Fig. 1 |. Phylogenetic analysis of selected human GPCRs and overall structure of the mTAAR7f-Gs complex.

a, Representative human receptors of GPCR families interacting with different ligand types are compared to hTAAR9, the closest human homologue of mTAAR7f (72% amino acid residue identity). The phylogenetic analysis tool from GPCRdb.org was used. b, Cryo-EM density of the entire complex. c, cartoon of the mTAAR7f-Gs complex (ribbon representation) with bound DMCH (pale blue) and CHS (pale brown) shown as spheres. The inset shows density for DMCH (pale blue) and surrounding residues (purple) in mesh. The view is from the extracellular surface and is 90° orthogonal to the receptor cartoon viewed in the membrane plane. d, The three most populated ligand binding poses derived from MD simulations conducted either in the absence or presence of the G protein (ligand orientation from the cryo-EM structure is shown in grey). The bar graph shows differences in ligand RMSD from five distinct MD simulations either with or without G protein. The error bars represent the SD and a t-test showed no statistical difference (ns) between the mean ligand RMSDs.

Figure 2. |. The mTAAR7f orthosteric binding site and comparison to other receptors.

a, Sliced surface representation of the OBS of DMCH-bound mTAAR7f, serotonin-bound 5HT₄R, adrenaline-bound β₂AR and propionate-bound OR51E2; ligand atoms are depicted as spheres and the structures are shown below. b, Binding pose of DMCH and details of ligand-receptor interactions. Amino acid residues ≤ 3.9 Å from the ligand are shown with polar interactions depicted as dashed lines. c, Amino acid residues in the OBS within 3.9 Å of the ligand of mTAAR7f, aminergic receptors and an odorant receptor, OR51E2: (PDB IDs; h5HT₄R, 7XT8; β₁AR, 7JJO; β₂AR, 4LDO; h5HT_1DR, 7E32; OR51E2, 8F76). Numbers refer to the Ballesteros-Weinstein naming convention. d, The relative positions of the OBS in OR51E2 and mTAAR7f are shown after superposition of the receptors. Ligands (propionate and DMCH) are shown as spheres. e, Frequency of ligand contacts as determined during MD simulations. f, G protein recruitment was assayed using BRET arising from NanoLuc-labelled receptor and Venus-labelled mini-G_s. The mean of three independent experiments performed once are shown with error bars representing the SEM (Extended Data Fig. 9).

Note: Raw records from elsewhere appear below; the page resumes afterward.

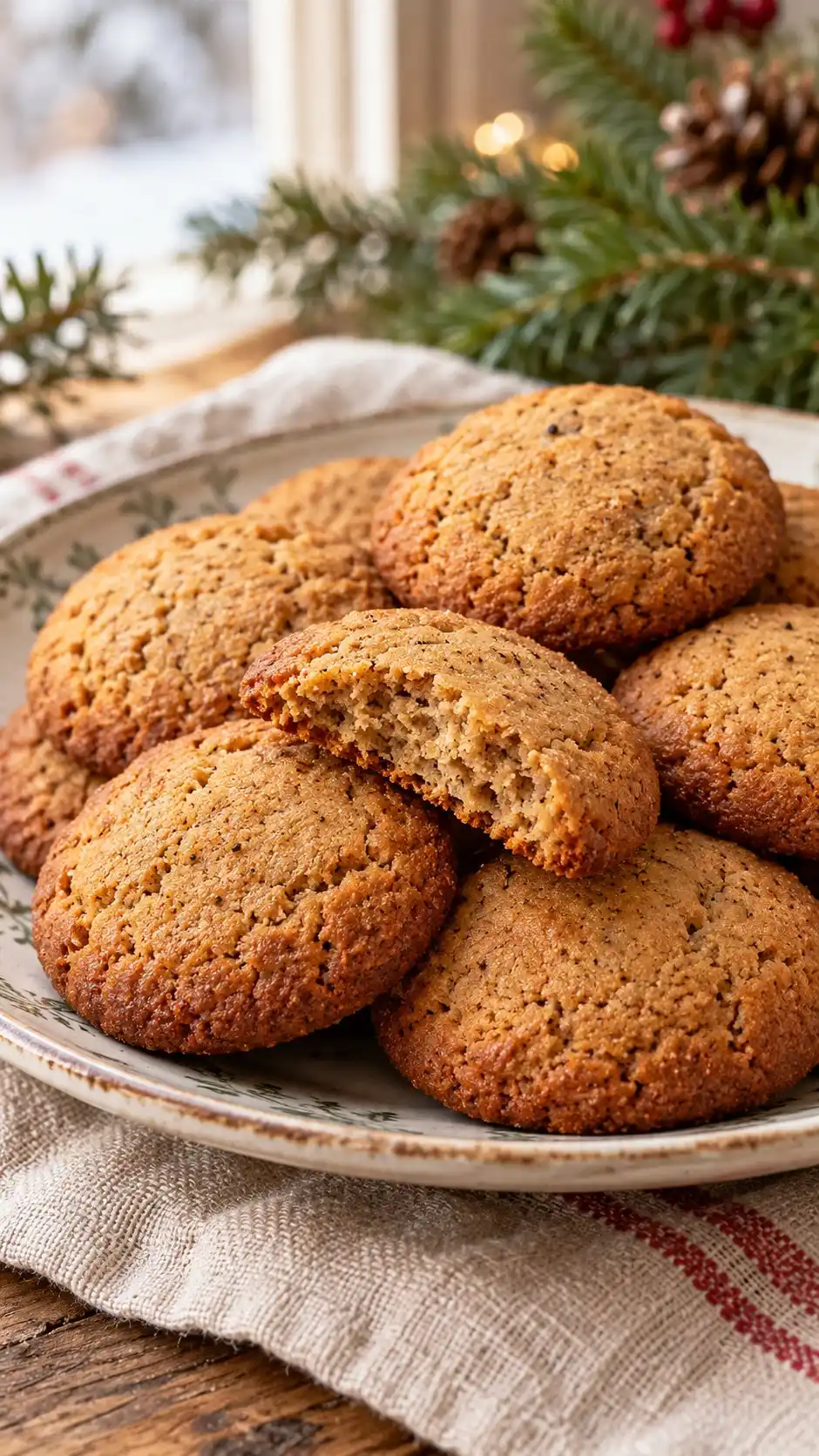 Rustic round Venetian-style honey cookies with measured black pepper and warm spices, using a butter-based home dough.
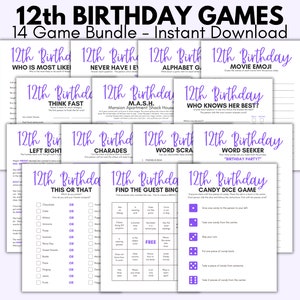 12th Birthday Party Games, 12 Year Old Party Games, Twelfth Birthday,  Girls 12th Birthday, Purple 12th Birthday, 12-year-old girls birthday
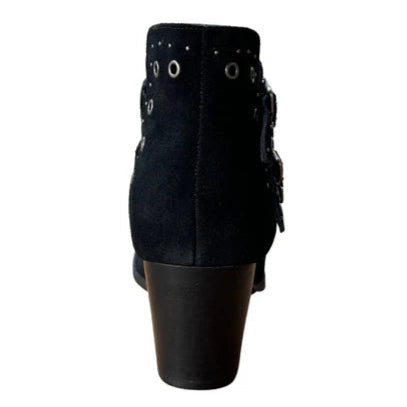 Online Exclusive | Elsa Leather Buckle Ankle Boot in Black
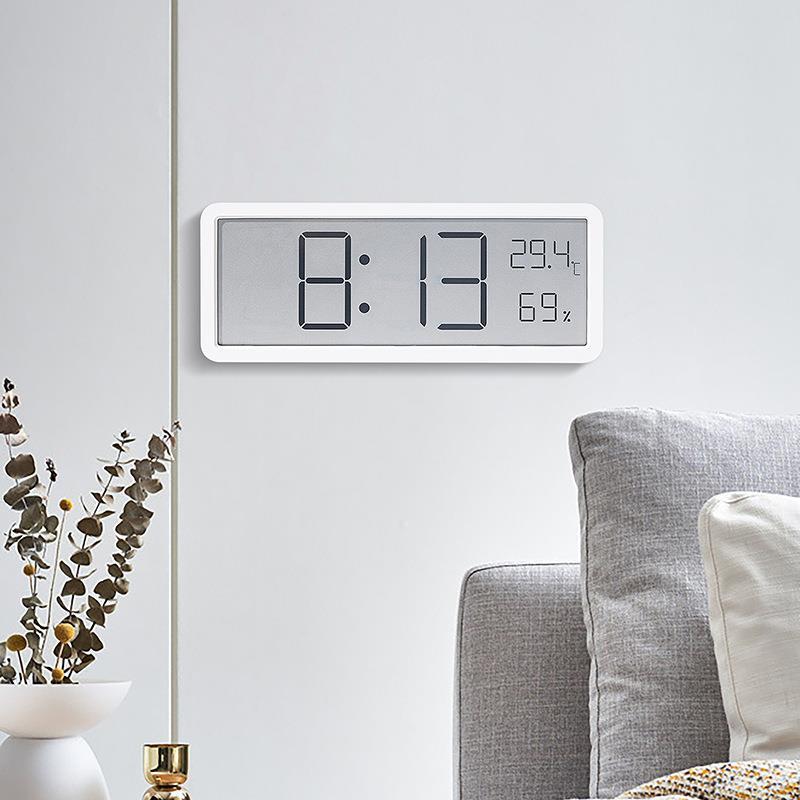 電子鐘/掛鐘 INS簡約大屏時鐘客廳掛鐘溫濕度鐘表創意現代鐘表可掛可立YD106-快速出貨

Figure 3. |. Interactions between mini-G_s and mTAAR7f.

a, Cartoon of the mTAAR7f-G_s complex with an inset highlighting interactions between the α5 helix of mini-G_s and mTAAR7f (distance cut-off ≤ 3.9 Å). b, Comparison of amino acid contacts (distance cut-off ≤ 3.9 Å) made by the α-subunit of G_s and mTAAR7f, h5HT₄R (PDB 7XT8), hβ₂AR (PDB 3SN6) and OR51E2 (PDB 8F76); blue, polar contacts; grey, van der Waals contacts.

Figure 4. |. Activation switches in mTAAR7f and β₂AR.

a, Conformational changes in the functional motifs are depicted in an alignment of the inactive state of hβ₂AR (yellow, carazolol-bound, PDB 2RH1), an active state of hβ₂AR (orange, BI-167107-bound, PDB 3SN6) and mTAAR7 (purple). b, Increase in the TM5 bulge in β₂AR upon the transition from an inactive state (left panel, yellow, PDB 2RH1) to the active state (right panel, orange, PDB 4LDO). Both structures are aligned with the active structure of mTAAR7f-G_s-DMCH (purple). Hydrogen bonds between the receptors and their corresponding ligands are shown as dashed lines. c, Alignment of amino acid residues in the bulge region of aminergic GPCR representatives with mTAAR7f, hTAAR9 and hTAAR1. One amino acid in the bulge region is absent in mTAAR7f and hTAAR9.